Getting the jar onto Falix
Same two paths as any Java project:
- Upload it — drag
app.jarinto the File Manager, or copy it up over SFTP, then Start. - Build on deploy — connect your repo on the Git page and add a post-deploy command (
mvn packageorgradle shadowJar) plus one to move the jar into place. See Build steps.
Troubleshooting
no main manifest attribute, in app.jar— the manifest has noMain-Class. You built a plain jar; make sure the Shade transformer / GradlemainClassis set and you're uploading the shaded jar.NoClassDefFoundError/ClassNotFoundException— a dependency isn't inside the jar.
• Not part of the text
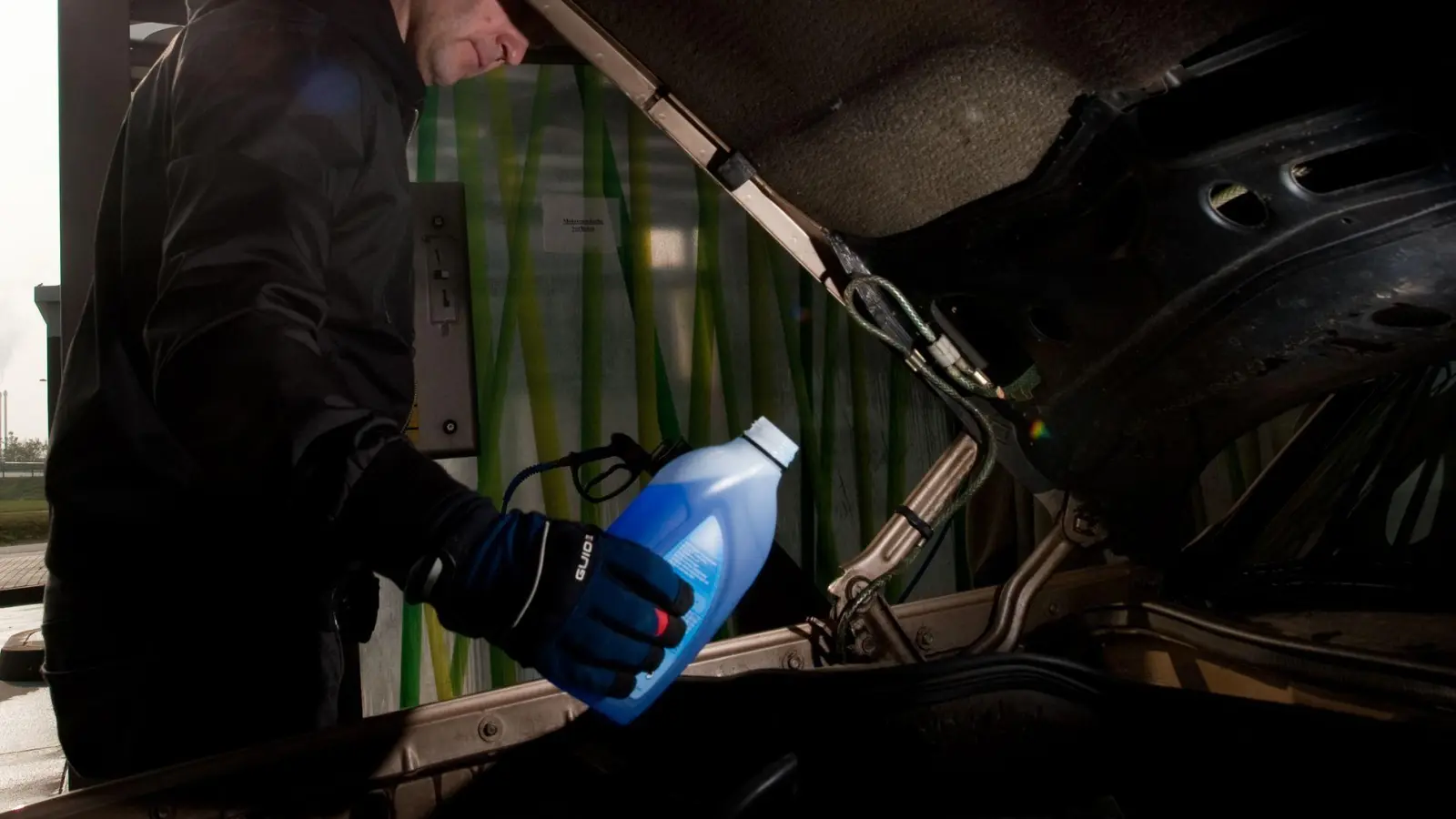 Klare Sicht fein? Jetzt noch den Frostschutz des Kühlsystems checken. (Foto: Klaus-Dietmar Gabbert/dpa-tmn)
The fat-jar step didn't run or you uploaded the thin jar (original-app.jaron Maven). Rebuild and upload the bundled one.UnsupportedClassVersionError— the Settings runtime is older than the JDK you compiled with. Bump the Java version in Settings, or lower your build's target.- Builds locally, won't build on deploy — the build tool must be available in the deploy step. When in doubt, the upload path always works.
The build tools themselves go far deeper — the official references are maven.apache.org and gradle.org.